Wildfires, floods, and droughts are among the most pressing and devastating impacts of climate change faced by the people and ecosystems in BC. The urgency of the twin climate and biodiversity crises requires immediate action, including protecting biodiversity. BC must match Canada’s commitments to protect 25% of its lands and waters by 2025, increasing to 30% by 2030 and support efforts by First Nations and communities to protect wildlife, species-at-risk, and ecosystems, and support global efforts to respond to climate change. To achieve this the BC government must allocate the necessary resources while co-developing legislative, regulatory, and capacity pathways to facilitate Indigenous-led conservation.
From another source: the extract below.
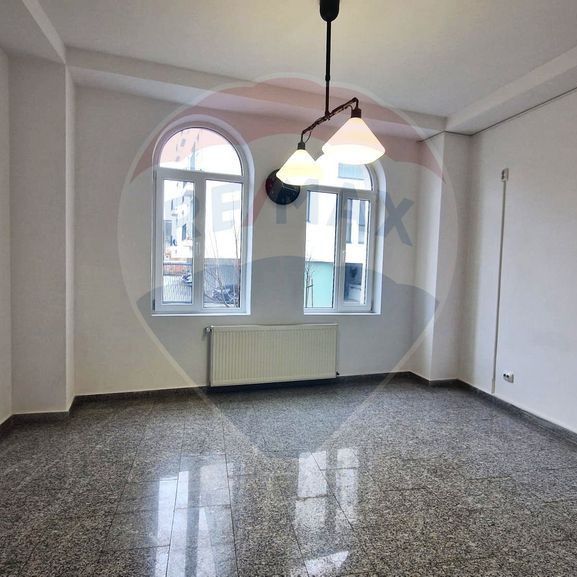 Ultracentral - Vilă 323 mp - Ideală sediu firmă / clin... - Fotografie 1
From the disappearance of caribou herds in the Kootenays to the almost-vanished grizzly bears of southwest BC, the province is in a nature emergency. Expanding BC’s protected areas system is necessary to halt the rapid and widespread loss of wildlife we are seeing from the coast to the Rockies. Committing to protect 25% of BC’s lands and waters by 2025 and 30% by 2030 in partnership with Indigenous peoples and the federal government is an essential step towards taking real action for a sustainable and healthy environmental future.

  • Protected areas are widely considered by international experts to be an essential part of the strategy in addressing global biodiversity declines, and a key component in the toolkit to allow species to adapt in the face of climate change.

  • Larger and linked protected areas help maintain ecosystem balance and increase resilience in the face of extreme climate events like forest fires and flooding, and play a critical role in supporting healthy and abundant wildlife populations.

  • Committing to match and achieve the federal targets could mean an approximately two-thirds increase of BC’s protected area system by 2025, and a near doubling by 2030 which would have wide-ranging benefits to wildlife and human communities alike

  • Indigenous-managed lands and protected areas in particular play an important role in reducing the severity of climate change impacts, and have been found globally to have higher levels of biodiversity compared to lands not managed or protected by Indigenous peoples.

  • Parks and protected areas not only safeguard wildlife habitat and waterways, they also deliver human health benefits and sustainable jobs to rural communities, making them even more important to our province and the people who live here.

Prime Minister Trudeau recently committed to protecting 30% of Canada by 2030 at the UN Summit on Biodiversity. This followed the Trudeau government’s previous commitment to protect 17% by 2020 and subsequently 25% by 2025 through the Pathway to Canada Target 1 initiative. 

The federal government announced over $3B over five years to protect land and oceans across Canada. This funding builds on top of the already invested $500M to support First Nations, provinces and territories to contribute to meeting this target. This is a time-limited opportunity for BC to harness the momentum behind these federal commitments, and to address priority issues in their new mandates. It also creates opportunities to bring additional federal funds on related files like climate change.

A BC government commitment to protecting 25% by 2025 and 30% by 2030 will help the province on a wide variety of Ministerial mandates, including supporting indigenous-led conservation, climate action, modernized land-use planning, old growth protection and wildlife protection, while at the same time unlocking a large source of federal government funding.